Shelley, the autonomous race car (Photo credit: Saad Faruque)

So are you excited about what they’re calling ‘Autonomous Cars’? Personally I think them a horrible idea.

First, the more complex you make any system, the more prone to failure it is, and these systems are complex indeed. You also have to think about their failure mode. In my business, in the old relay days, when something failed, it would usually stop. With electronics, failure usually means that they go full speed until something outside intervenes. You know like Toyota throttles.

Cruise controls, even what they call adaptive cruise controls are fine, probably even good for safety, a sort of back up for momentary inattention, which we are all guilty of. Almost anything like that is a positive good, as long as the operator can override it at any time.

But, the fully autonomous car, on the other hand, where you tell the car where you want to go, and it takes care of it, is a different kettle of fish, and it smells worse than 3-year-old Lutefisk.

First, if your fancy car goes wrong and kills 5 people by running over them, and setting Neiman-Marcus on fire on the way, You’re going to end up liable.
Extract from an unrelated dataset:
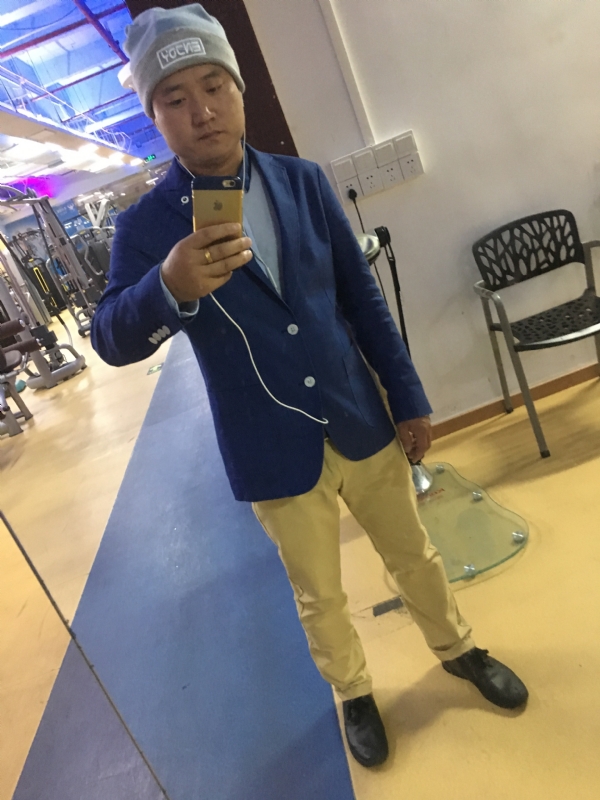 王逵的第一张照片--百色相亲服务中心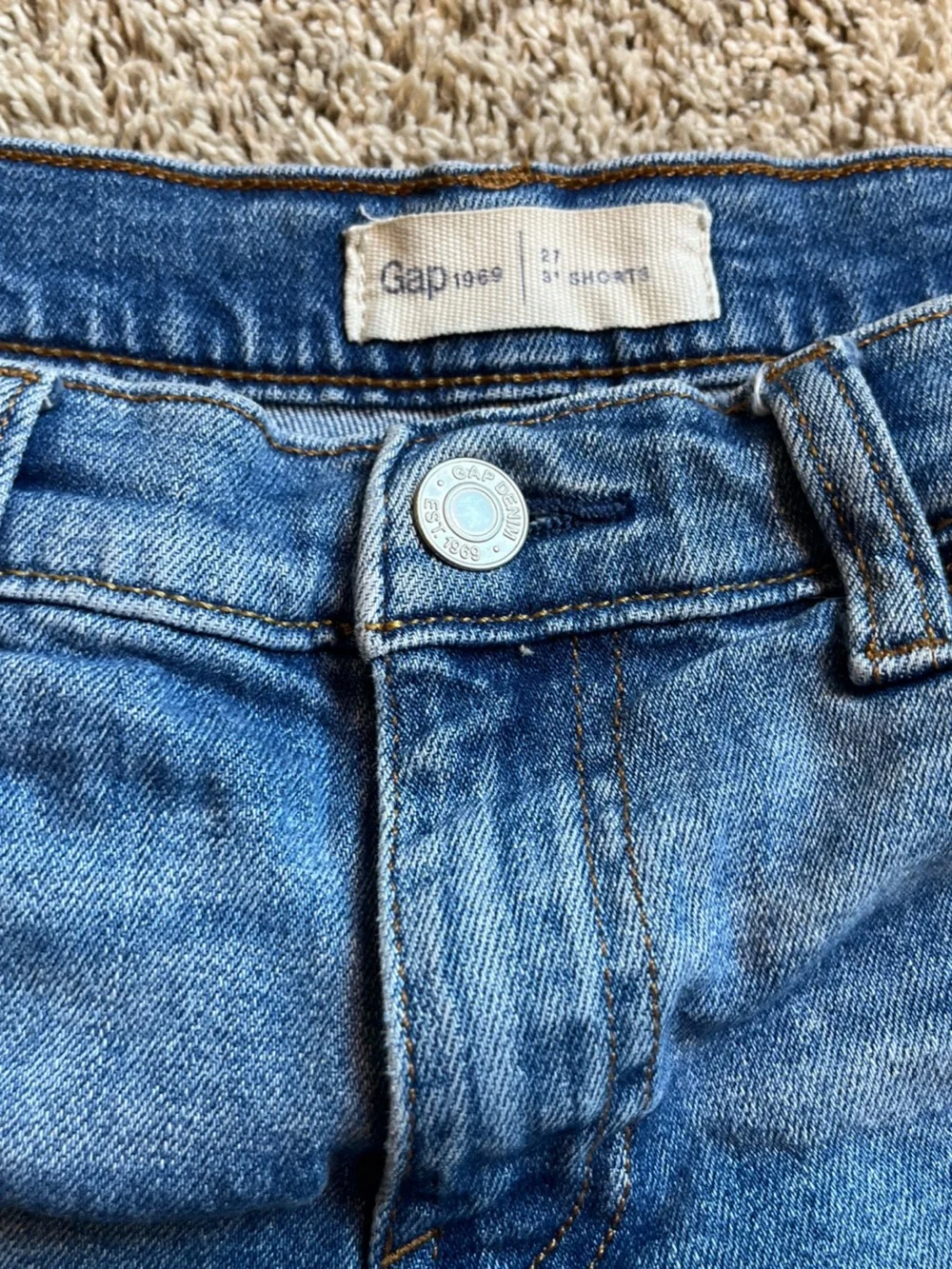 Woman’s Gap 1969 3”Cut Off Denim Shorts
Sure some will try to blame the manufacturer, and possibly it might work occasionally but, the basic rule in American court is ‘deep pockets win’. Who has deeper pockets? You, or the Ford Motor Company. That’s what I thought.

More at Who Is Liable When a Self-Driving Car Crashes?

And what are you going to do when NSA or the police tell your car; “Go directly to jail, do not pass go.” Why can’t they? Your car is talking to who knows who, all the time anymore, even when you’re not. Keep reading.

And by the way, airplanes have had autopilots since the 1940s, they still have 2 (count ‘em 2) pilots, and people get very excited when they take a nap at work. Even though there are autopilots available that could manage the aircraft from terminal to terminal. What do the airline people know that we don’t?

And then there’s this. Kit Lange writing on The Victory Girls Blog tell us this,

But the privacy war isn’t just raging on the internet.  It’s in your car too.  Ford VP of Marketing and Sales, Jim Farley, got a bit too honest at an electronic trade show in Vegas this week.

“We know everyone who breaks the law, we know when you’re doing it. We have GPS in your car, so we know what you’re doing. By the way, we don’t supply that data to anyone,” he told attendees.

Naturally, Farley retracted his statements and put up a clarifier: “I absolutely left the wrong impression about how Ford operates. We do not track our customers in their cars without their approval or consent.”

The problem with that is this: By purchasing a car with GPS, you are approving and consenting to be tracked.  That’s how GPS works.  It can’t tell you where to go without tracking where you are.  In other words, his retraction is actually a confirmation.

Continue reading Google, Ford, and the NSA’s Fight to Stay in Control

Frankly, I think I’ll keep driving for myself, thank you very much. And by preference I’ll do it in a car that doesn’t tell the world every half-second or so where it is, either.